Keywords

1 Introduction

News agencies, organizations, social networks, enterprises, etc. generate a huge amount of information and news in real time. The study of the characteristics and features of the news flow has become one of the recent topics in social informatics. The news stream is publicly available and reflects processes which are going on in the world. Therefore, the examination of structural properties of the news flow and the development of the methods and algorithms for processing such data are of great interest.

In this paper we restrict our analysis to the study of economic and financial news. News analytics providers (such as Media Sentiment, Thompson Reuters and Raven Pack) collect, aggregate and pre-process news from different sources including news agencies and social media (blogs, social networks, etc.). They also use so-called pre-news, i.e. SEC reports, court documents, reports of various government agencies, business resources, company reports, announcements, industrial and macroeconomic statistics. The survey of applications for news analytics tools can be found in books [14, 15]. In recent years news analytics tools have been developed and used in social network analysis [4, 9, 12, 18].

Thus, the huge amount of news analytics data enables the study of some research problems. One of such problem is the analysis of company co-mention network which has been addressed in [20, 23]. This paper concerns with another such problem which is event detection. Note that news analytic data raise advantages for event detection. Using the real-time nature of news analytic services, both traders and governments may boost their awareness of real world events much quicker than with offline analysis based on traditional media sources.

Our research interest is close to the problem of event detection in Twitter. It should be noted that event detection in Twitter has long been a research topic [24] and the main problem has been detecting those events that Twitter users are discussing most. Most of the researches supposed that an increase in the usage of some related words would show when an event is happening. An event is therefore commonly characterized by a number of keywords displaying sharp burst in appearance count [10, 24]. Since then the problem of event detection in Twitter has drawn a serious amount of enthusiasm from the data mining researchers [1, 2, 5, 6, 17]. The common understanding is that events in social media platforms can be loosely defined as real world happenings that occur within similar time periods and geographical locations, and that have been mentioned by the online users. Recent works include [3, 7, 8, 11, 16], among many others.

In this paper, we use an approach based on the ideas of the paper [24]. We use news analytics data for detecting events that are of similar scales and localized in time and referred to a particular company.
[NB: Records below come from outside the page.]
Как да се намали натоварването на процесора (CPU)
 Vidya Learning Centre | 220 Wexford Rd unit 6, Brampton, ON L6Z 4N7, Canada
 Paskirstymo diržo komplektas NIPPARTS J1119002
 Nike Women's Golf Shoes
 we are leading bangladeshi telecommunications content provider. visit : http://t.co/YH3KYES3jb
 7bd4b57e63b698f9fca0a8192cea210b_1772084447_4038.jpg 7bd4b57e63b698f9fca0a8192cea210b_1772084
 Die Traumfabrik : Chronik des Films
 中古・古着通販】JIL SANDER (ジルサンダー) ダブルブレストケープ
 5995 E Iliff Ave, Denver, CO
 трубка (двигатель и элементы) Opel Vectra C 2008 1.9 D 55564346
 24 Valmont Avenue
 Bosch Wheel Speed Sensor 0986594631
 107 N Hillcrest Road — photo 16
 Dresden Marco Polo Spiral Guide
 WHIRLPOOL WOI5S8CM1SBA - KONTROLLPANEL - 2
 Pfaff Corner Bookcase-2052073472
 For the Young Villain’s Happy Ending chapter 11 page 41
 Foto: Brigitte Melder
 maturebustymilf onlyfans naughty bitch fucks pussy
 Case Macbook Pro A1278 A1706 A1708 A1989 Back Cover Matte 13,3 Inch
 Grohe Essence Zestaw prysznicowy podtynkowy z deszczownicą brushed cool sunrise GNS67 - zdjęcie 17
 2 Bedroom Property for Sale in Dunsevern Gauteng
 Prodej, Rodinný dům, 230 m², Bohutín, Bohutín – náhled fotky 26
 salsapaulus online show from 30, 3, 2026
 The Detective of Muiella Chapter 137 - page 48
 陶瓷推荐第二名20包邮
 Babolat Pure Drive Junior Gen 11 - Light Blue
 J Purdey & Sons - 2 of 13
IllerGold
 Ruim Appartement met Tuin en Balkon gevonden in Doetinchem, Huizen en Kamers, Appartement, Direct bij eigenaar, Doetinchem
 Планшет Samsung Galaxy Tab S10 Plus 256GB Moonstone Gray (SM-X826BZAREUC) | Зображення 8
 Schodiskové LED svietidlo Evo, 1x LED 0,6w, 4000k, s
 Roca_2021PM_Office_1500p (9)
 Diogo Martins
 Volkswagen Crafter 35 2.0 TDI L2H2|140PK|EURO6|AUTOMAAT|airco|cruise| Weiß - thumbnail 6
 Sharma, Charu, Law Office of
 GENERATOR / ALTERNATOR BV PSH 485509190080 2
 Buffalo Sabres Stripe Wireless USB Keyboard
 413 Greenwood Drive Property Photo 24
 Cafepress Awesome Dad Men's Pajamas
Thus, we employ the characteristic of news items which are reflect localization in time and the similarity of their attributes.

2 Events

In this paper we define events as real world happenings that are reflected by news items that are concentrated in time and connected with a particular company or a group of companies, or an economic sector. We suppose that an important off-line event attracts interest of news and information agencies as well as other news providers and news exchange participants. The more important the event, the more intense will be the corresponding news flow. We assume that an important event should cause a cascade of news. We define a cascade of news as the sequence of news items published by various news providers, which are published in the same time frame and related to one company and have one topic. As a rule, such a cascade has an initial news message (trigger), which triggers this cascade. If some news turned out to be important, other news providers and news agencies reprint this news close to the original form. In addition, they can publish news items related to the development of events caused by this news. If a published news item seems to be not important, it may be reprinted by a very few news providers, or it may not be reprinted at all. The news that did not provoke interest and did not lead to a cascade of news, in our opinion, is hardly connected with an important event. Therefore, the detection of such cascades in the flow of news items allows us to detect events in one way or another. Each such cascade is a component of connectivity in the graph of news reports. Thus, the identification of cascades and their corresponding events is reduced to the task of finding the related subgraphs (clusters) of the news graph. It can be assumed that the more news are in the cascade, the more significant the corresponding event is.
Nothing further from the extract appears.